SCB advised UBA that UIDC had agreed to the amendment, however SCB had failed to first obtain Gunvor's agreement to a corresponding amendment of the transfer letter of credit. His Lordship stated:

The effect of that oversight was that, although SCB remained liable to Gunvor to honour the transfer letter of credit in accordance with its original terms, it could seek recourse against UBA under the prime letter of credit only to the more limited extent resulting from Amendment No 3.

New buyers for the Erin Schulte cargo were found and new letters of credit were opened in favour of UIDC, one by SCB itself.

On 4 June 2010 Gunvor presented documents for the Erin Schulte cargo under the original transfer letter of credit. The documents presented included bills of lading covering the Erin Schulte cargo indorsed in favour of SCB. On 7 June 2010 Société Générale formally confirmed to SCB that Gunvor had rejected Amendment No 3. On 9 June SCB informed Société Générale that the documents did not comply with the letter of credit and that it was holding them to Société Générale's order. After legal proceedings were commenced SCB, on 7 July 2010, paid in full the amount of the face value of the letter of credit, interest and costs.


Legal Analysis:

This case raises interesting legal issues about the effective transfer of a bill of lading where the bill of lading is presented to a bank for the purpose of examination by the bank under a letter of credit. The case also examines whether recovery against an issuing or confirming bank is made on the basis of a debt owed or for damages.

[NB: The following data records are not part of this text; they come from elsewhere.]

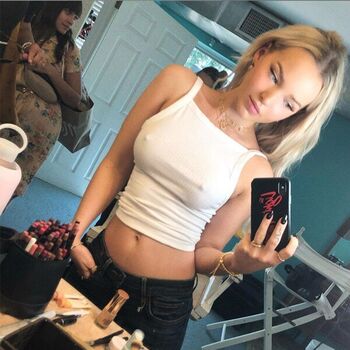 Leaked Dove cam private photo viral onlyfans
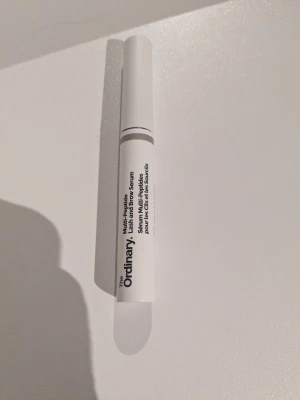 The Ordinary Multi-Peptide Ögonfransserum - Säljer ett vitt ögonfransserum från The Ordinary. Skulle gissa på att typ 75% är kvar☺️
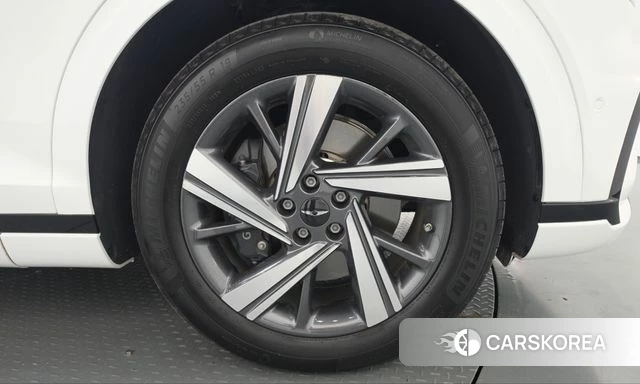 Genesis GV70 id 4995753 из Кореи 13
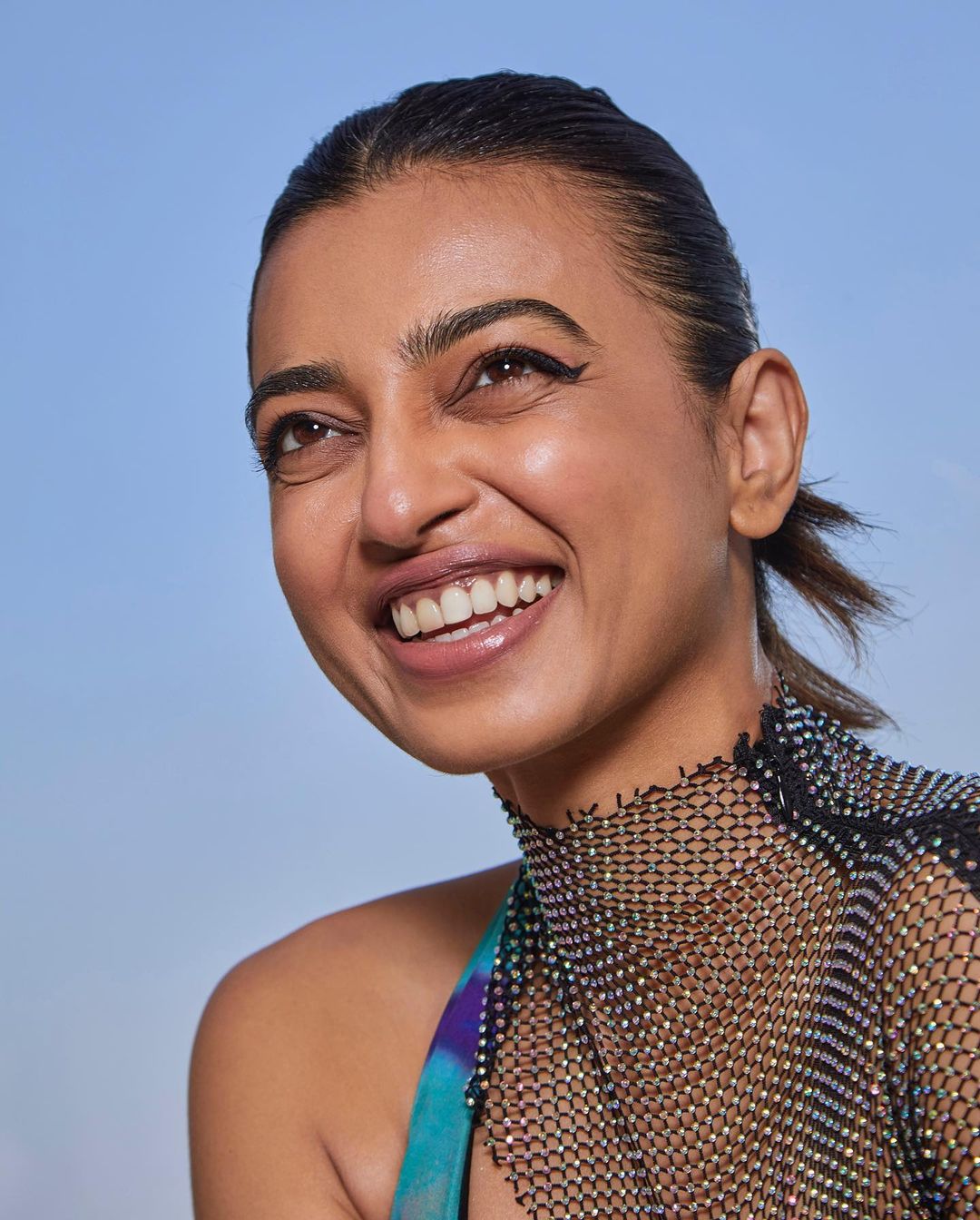 radhika apte hot photos showing glamour getting viral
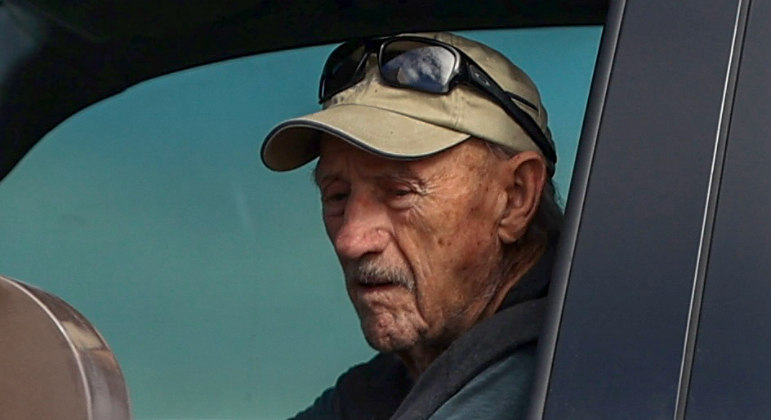 Gene HackmanUm dos melhores atores da história, Gene Hackman se aposentou em 2004. Aos 93 anos, ele vive em um rancho na cidade de Santa Fé, nos Estados Unidos.Hackman ganhou dois Oscars, por Operação França e Os Imperdoáveis, e fez sucesso na primeira franquia do Superman, como o vilão Lex Luthor
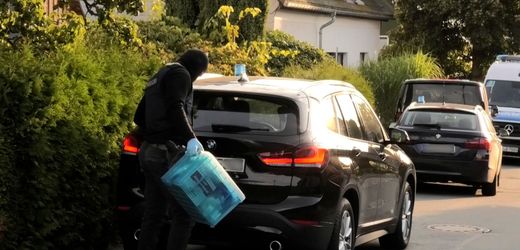 Heinrich XIII. Prinz Reuß: Drei mutmaßliche Mitglieder der »Reichsbürger«-Gruppe festgenommen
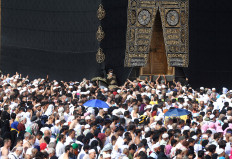 Saudi Arabia bars pilgrims and tourists amid coronavirus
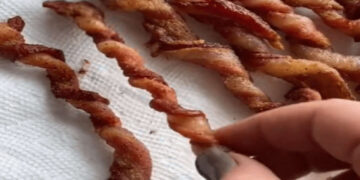 Come fare la pancetta ritorta che è virale su TikTok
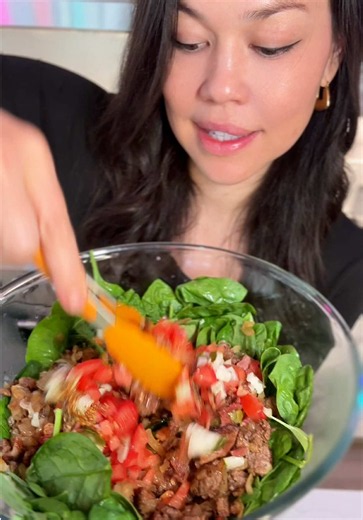 Super quick and low carb burger salad. I prefer romaine but all I had was spinach and it was still delicious! Love these pans with glass lids from @Ninja Kitchen #cooking #food #recipes #lowcarb #protein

The question raised by the court was whether payment by SCB was made in response to "an implied request" to perform the obligations under the letter of credit or whether it amounted to a claim for damages its breach. The former would result in a transfer of the bill of lading, whereas the latter may result in the bank still holding the bill of lading on behalf of the beneficiary in accordance with its statement of rejection. There had been no discussion between the parties in the case about the nature and purpose of the actual payment make by SCB. In the words of the court: "The question in this case is whether, having taken possession of the bill of lading for examination, the bank, by rejecting it and holding it to the order of the person presenting it, refuses to accept delivery and thereby prevents the completion of the indorsement in its favour."

The Court of Appeal held that the judge at first instance erred in holding that the subsequent payment, on 7 July 2010, after the rejection of the documents, amounted to a transfer of the bill of lading as at the date of presentation, 4 June 2010.

The Court of Appeal held that the delivery of a bill of lading was an essential element in a series of voluntary acts intended to transfer rights. The rejection of the documents by SCB on the presentation of the documents under the letter of credit, meant that the transfer was incomplete. Once rejected, SCB could not unilaterally change its mind. The Court held that consent of the presenter is required.

Where the beneficiary makes a claim for wrongful dishonour, the beneficiary's claim is to recover the face value of the credit properly sounded in debt rather than damages for breach. After a thorough analysis of the historical view, the Court of Appeal considered that the modern view supports "the proposition that if the opening or confirming bank fails to pay against presentation of conforming documents under a letter of credit payable at sight, the beneficiary may sue in debt to recover the value of the credit, provided he is willing and able to transfer the documents to the bank against payment."

The beneficiary could have retained control of the documents and instead specifically sued for damages for breach of contract for wrongful rejection, but in this case did not do so.

Comment

This is another case where the parties made assumptions about the documents under circumstances where an apparent rejection had taken place. In settling payment at a later date, it was ambiguous whether the payment was for the debt obligation or damages (that is a form of compensation) for the breach. This has consequential impacts on what is to happen to the goods, and the ownership and control of the goods. Beneficiaries must consider carefully the claim to be made where an apparent rejection of documents arise.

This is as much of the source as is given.